• [WHAT THE TASK ASKS]:
The listing below begins with the first line you should copy; stop after the line containing "caixa de classificação de cada um.", and drop every picture.

• [EXERCISE INPUT]:
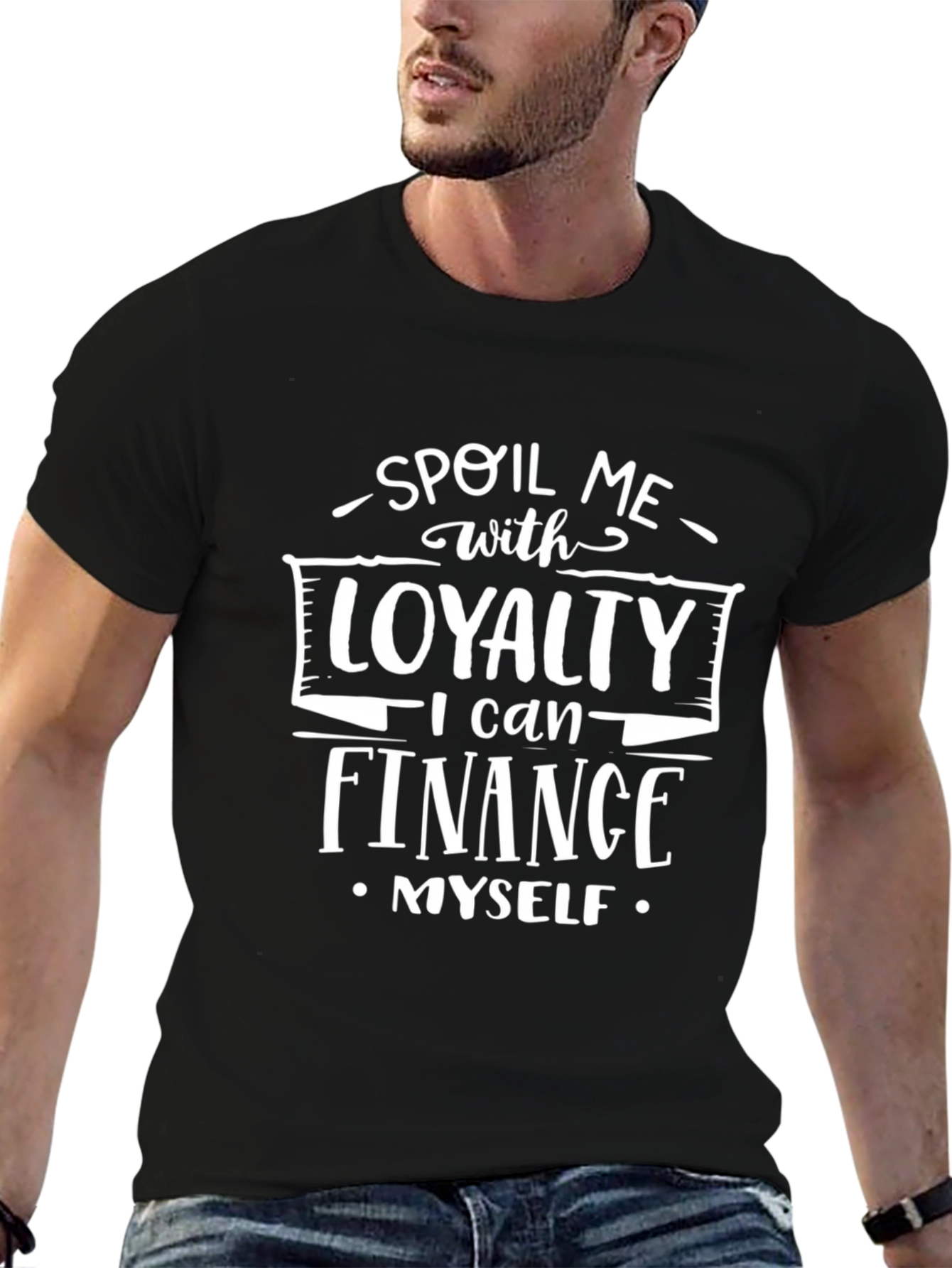 Spoil Me With Loyalty Black Graphic T-Shirt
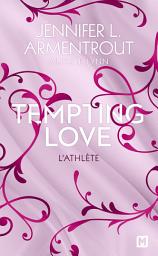 Icon image Tempting Love, T2 : L'Athlète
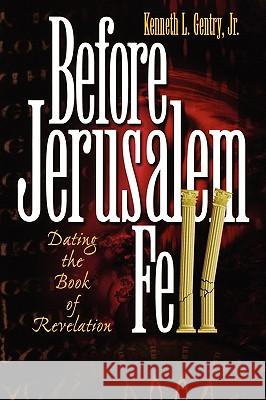 Before Jerusalem Fell: Dating the Book of Revelation Kenneth L., JR. Gentry 9780982620601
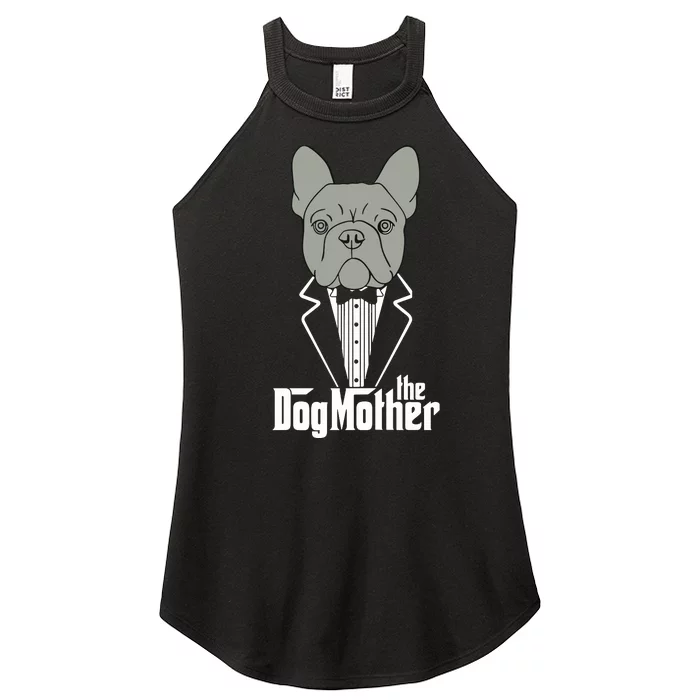 The Dogmother French Bulldog Lover Mom Frenchie Mama Gift Women’s Perfect Tri Rocker Tank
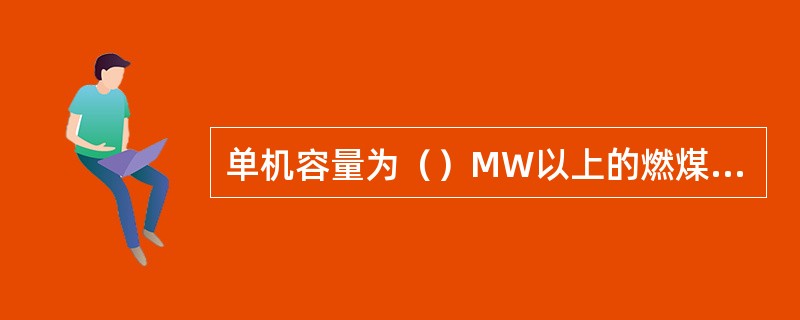 单机容量为（）MW以上的燃煤发电厂，消防水泵及主厂房电梯应按Ⅰ类负荷供电。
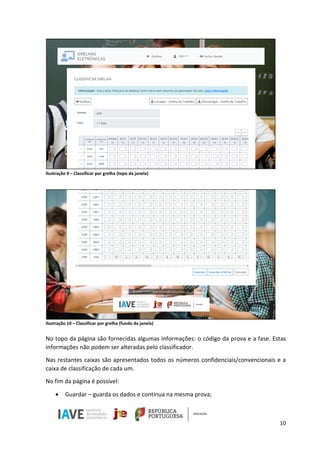 10
Ilustração 9 – Classificar por grelha (topo da janela)
Ilustração 10 – Classificar por grelha (fundo da janela)
No topo da página são fornecidas algumas informações: o código da prova e a fase. Estas
informações não podem ser alteradas pelo classificador.
Nas restantes caixas são apresentados todos os números confidenciais/convencionais e a
caixa de classificação de cada um.
No fim da página é possível:
• Guardar – guarda os dados e continua na mesma prova;
 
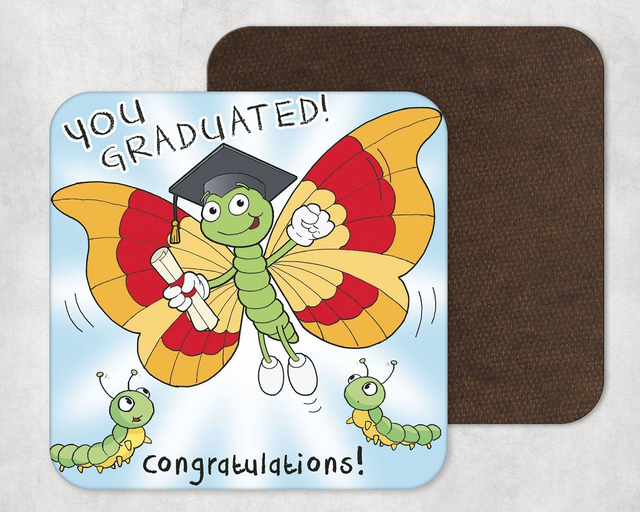 You Graduated! Coaster.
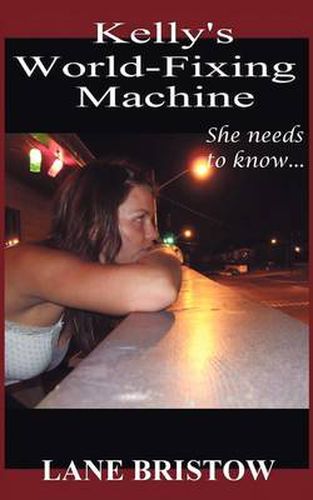 Cover image for Kelly's World-Fixing Machine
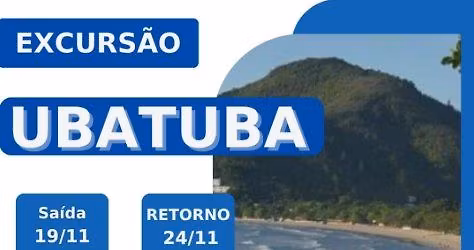 \u26f1\ufe0f Excurs\u00e3o para Ubatuba \ud83d\udd14 Novembro 2025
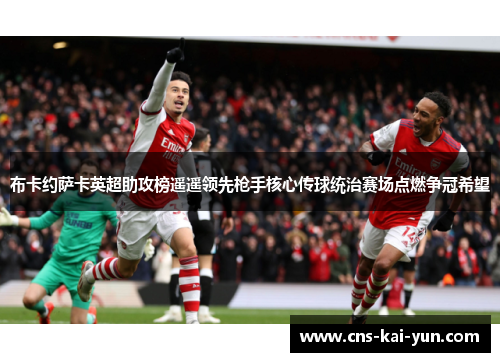 布卡约萨卡英超助攻榜遥遥领先枪手核心传球统治赛场点燃争冠希望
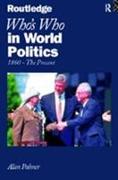 Who's Who In World Politics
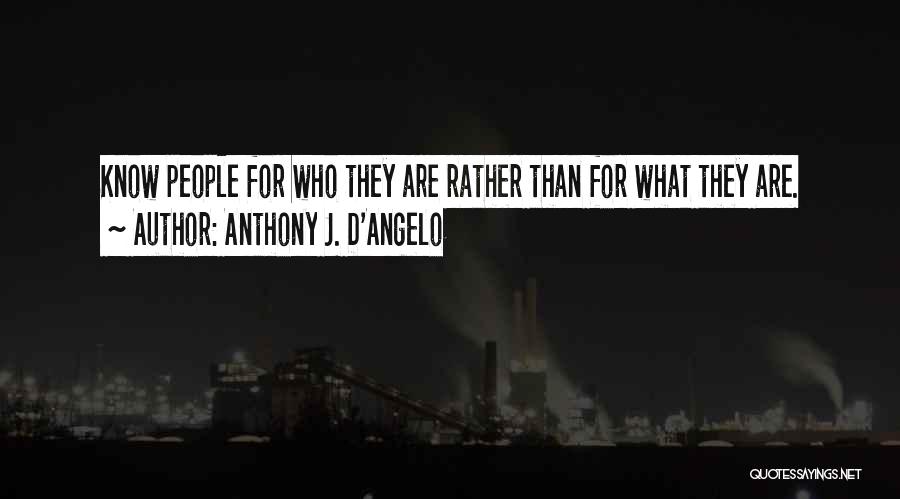 Anthony J D Angelo Quotes By Anthony J. D'Angelo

• [RESPONSE TO THE TASK]:
 Spoil Me With Loyalty Black Graphic T-Shirt
 Icon image Tempting Love, T2 : L'Athlète
 Before Jerusalem Fell: Dating the Book of Revelation Kenneth L., JR. Gentry 9780982620601
 The Dogmother French Bulldog Lover Mom Frenchie Mama Gift Women’s Perfect Tri Rocker Tank
 单机容量为（）MW以上的燃煤发电厂，消防水泵及主厂房电梯应按Ⅰ类负荷供电。
 10
Ilustração 9 – Classificar por grelha (topo da janela)
Ilustração 10 – Classificar por grelha (fundo da janela)
No topo da página são fornecidas algumas informações: o código da prova e a fase. Estas
informações não podem ser alteradas pelo classificador.
Nas restantes caixas são apresentados todos os números confidenciais/convencionais e a
caixa de classificação de cada um.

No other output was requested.